The dominant theme appeared to be profit-taking after the previous week’s sharp gains, which saw prices rally to a one-month high.
Prices briefly eased as low as $22.74 per ounce before rebounding to touch the $23.00 level later in the day. That compares with a high of $23.36 on Monday.
Silver prices, to some extent, took a lead from moderately weaker gold prices at the start of the week, which came as the market took a breather, after a three-week-long rally.
German GfK Consumer Confidence figures for November released Tuesday came in slightly below forecasts, lending a bearish tone to the market. Approximately 50% of the demand for silver comes from the industrial sectors, making economic data a key input for prices.

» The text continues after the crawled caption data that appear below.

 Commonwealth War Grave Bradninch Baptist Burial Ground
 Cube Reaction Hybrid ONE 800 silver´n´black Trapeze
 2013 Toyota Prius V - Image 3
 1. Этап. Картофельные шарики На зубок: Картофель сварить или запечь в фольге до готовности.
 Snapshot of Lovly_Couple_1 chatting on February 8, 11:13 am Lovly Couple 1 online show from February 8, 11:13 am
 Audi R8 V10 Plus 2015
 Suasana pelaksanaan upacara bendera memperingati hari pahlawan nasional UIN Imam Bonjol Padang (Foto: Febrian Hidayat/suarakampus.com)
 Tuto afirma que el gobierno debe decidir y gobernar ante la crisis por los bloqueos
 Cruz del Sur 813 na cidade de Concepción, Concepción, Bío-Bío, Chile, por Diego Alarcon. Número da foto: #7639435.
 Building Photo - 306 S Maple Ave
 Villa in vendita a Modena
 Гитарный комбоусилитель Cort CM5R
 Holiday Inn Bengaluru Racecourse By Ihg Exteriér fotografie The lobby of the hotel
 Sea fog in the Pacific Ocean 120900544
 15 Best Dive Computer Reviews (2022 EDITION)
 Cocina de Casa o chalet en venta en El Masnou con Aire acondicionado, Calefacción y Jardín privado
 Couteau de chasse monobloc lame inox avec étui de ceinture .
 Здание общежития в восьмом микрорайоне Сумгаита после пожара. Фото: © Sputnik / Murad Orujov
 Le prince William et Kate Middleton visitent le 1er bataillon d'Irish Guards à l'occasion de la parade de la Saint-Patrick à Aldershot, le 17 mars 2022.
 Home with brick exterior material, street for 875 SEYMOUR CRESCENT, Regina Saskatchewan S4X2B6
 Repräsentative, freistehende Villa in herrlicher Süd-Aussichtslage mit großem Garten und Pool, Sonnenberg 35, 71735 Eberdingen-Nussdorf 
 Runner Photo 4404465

The markets will be keeping an eye on Wednesday’s Bank of Canada (BoC) interest rate decision, which is expected to see no change from the current 5% rate.
The tightening monetary policy among central banks over the last few months has created headwinds for non-yield-bearing assets like silver and gold, although signs that rates could now be reaching a peak could help stem further losses. Despite this being the case for traditional bullion investment, Kinesis offers a monthly yield on gold and silver for storing the metals at no cost, in an insured, global vaulting network.
US durable goods orders and quarterly GDP figures due on Thursday are both expected to show a rebound from previous data, providing a potentially supportive element for silver prices.